We sequenced the coding regions of 60 candidate genes and identified likely pathogenic (43.8%) or pathogenic (56.2%) variants in 16 probands (7.0%) of African and Hispanic descent with early-onset AF, with most (46.7%) loss-of-function variants in the TTN gene. In addition, 6 novel and rare variants encoding cardiac sodium (SCN10A) and potassium channels (KCNE5), myocardial structural proteins (MYH6 and TTN), and signaling molecules (NPPA) cosegregated with AF in multiple affected family members. Although most ethnic minority probands with early-onset AF did not harbor rare variants, our findings not only represent progress toward the molecular phenotyping of AF but also identify novel mechanism-based therapeutic approaches for this common arrhythmia in ethnic minority individuals.

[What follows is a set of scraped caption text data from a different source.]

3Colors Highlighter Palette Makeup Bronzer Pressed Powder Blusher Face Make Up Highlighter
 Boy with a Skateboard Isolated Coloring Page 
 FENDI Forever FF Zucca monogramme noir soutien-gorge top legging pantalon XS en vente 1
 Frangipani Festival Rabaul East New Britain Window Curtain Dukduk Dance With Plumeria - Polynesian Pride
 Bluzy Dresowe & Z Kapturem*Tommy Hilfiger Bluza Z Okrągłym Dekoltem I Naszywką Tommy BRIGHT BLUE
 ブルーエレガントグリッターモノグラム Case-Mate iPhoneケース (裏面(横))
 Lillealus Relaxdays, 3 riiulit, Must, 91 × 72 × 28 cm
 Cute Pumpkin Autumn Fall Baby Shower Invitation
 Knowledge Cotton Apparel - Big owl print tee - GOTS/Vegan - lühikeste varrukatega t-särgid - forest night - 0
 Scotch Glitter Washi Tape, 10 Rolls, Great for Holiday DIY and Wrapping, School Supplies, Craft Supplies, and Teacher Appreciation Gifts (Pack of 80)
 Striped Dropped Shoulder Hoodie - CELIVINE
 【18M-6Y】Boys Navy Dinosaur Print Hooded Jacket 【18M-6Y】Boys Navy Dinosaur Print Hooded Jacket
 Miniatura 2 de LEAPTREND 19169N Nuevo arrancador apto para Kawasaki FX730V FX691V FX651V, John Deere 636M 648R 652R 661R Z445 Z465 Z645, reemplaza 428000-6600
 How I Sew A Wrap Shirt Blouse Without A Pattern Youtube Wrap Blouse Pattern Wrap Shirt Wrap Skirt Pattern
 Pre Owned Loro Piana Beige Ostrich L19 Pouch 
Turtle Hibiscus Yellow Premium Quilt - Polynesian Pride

We identified rare variants associated with AF in a small percentage (7.0%) of ethnic minority probands with early-onset AF. This percentage is lower than that found in European White individuals with early-onset AF, of whom approximately 20% carried very rare variants.19 There are several potential explanations for why a minority of probands of self-reported African American and Hispanic/Latinx ethnicity carried rare gene variants. Because our ethnic cohort, especially African American individuals, had a greater burden of AF-associated comorbidities, one reason may relate to a population enriched with acquired causes. Our probands did not have lone AF. However, we noted that that probands with early-onset AF with comorbidities had a greater prevalence of rare variants, suggesting that these may be risk alleles rather than mendelian disease-associated variants (eTable 3 in the Supplement). Nonetheless, a study across race/ethnicity populations supports the concept of the 2-hit hypothesis in which susceptibility to AF is dependent not only on carrying a pathogenic variant associated with AF, but also on a second hit, such as an established AF risk factor (eg, obesity or hypertension) or common genetic variants on chromosome 4q25.20 Other potential explanations for why a minority of African American and Hispanic/Latinx probands with early-onset AF harbored rare variants include the failure to sequence genes not yet identified that are involved in the pathogenesis of early-onset AF; sequencing only the coding regions of candidate genes; rare variants with a minor allele frequency less than or equal to 0.1% and missing variants or combinations of variants with intermediate effects; and the challenges of correctly phenotyping participants with AF, which can be asymptomatic.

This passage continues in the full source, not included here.